But some pure states have thermal properties, so couldn't thermal light also be described by a pure state?

Here are some examples of pure thermal states
http://arxiv.org/abs/1302.3138
http://arxiv.org/abs/1309.0851
http://www2.yukawa.kyoto-u.ac.jp/~new-noneq2015.ws/Presentation/Sugiura.pdf

Last edited: Sep 12, 2015
6. Sep 12, 2015

### vanhees71

That sounds interesting, but it seems also to be a bit misleading to call these states "pure states", because there's an random process underlying, defining stochastic pure states rather than what you call a "pure state" in the usual sense of standard quantum theory.
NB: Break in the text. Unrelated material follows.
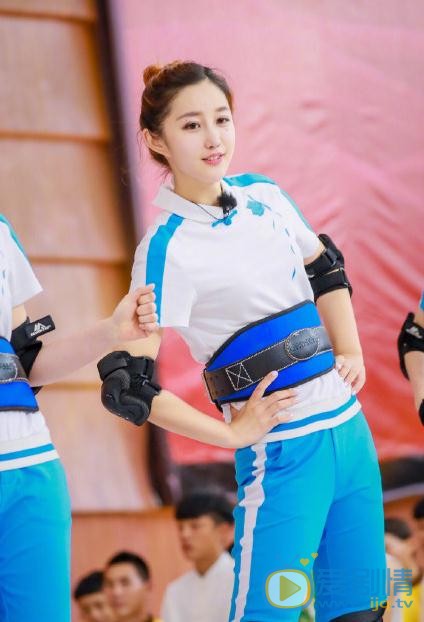 文吉儿《我们来了2》节目照 文吉儿高清写真_文吉儿高清剧照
I've not yet understood, what's the point of this construction (despite that it seems to be a pretty interesting mathematical idea to do Monte-Carlo Simulations of equilibrium many-body systems).

7. Sep 12, 2015

### atyy

The point of the construction is similar to Boltzmann kinetic theory: how do we reconcile irreversibility in thermodynamics with the reversible laws of mechanics?

So can a pure quantum system thermalize without averaging? The existence of pure thermal states suggests that it is possible in many cases.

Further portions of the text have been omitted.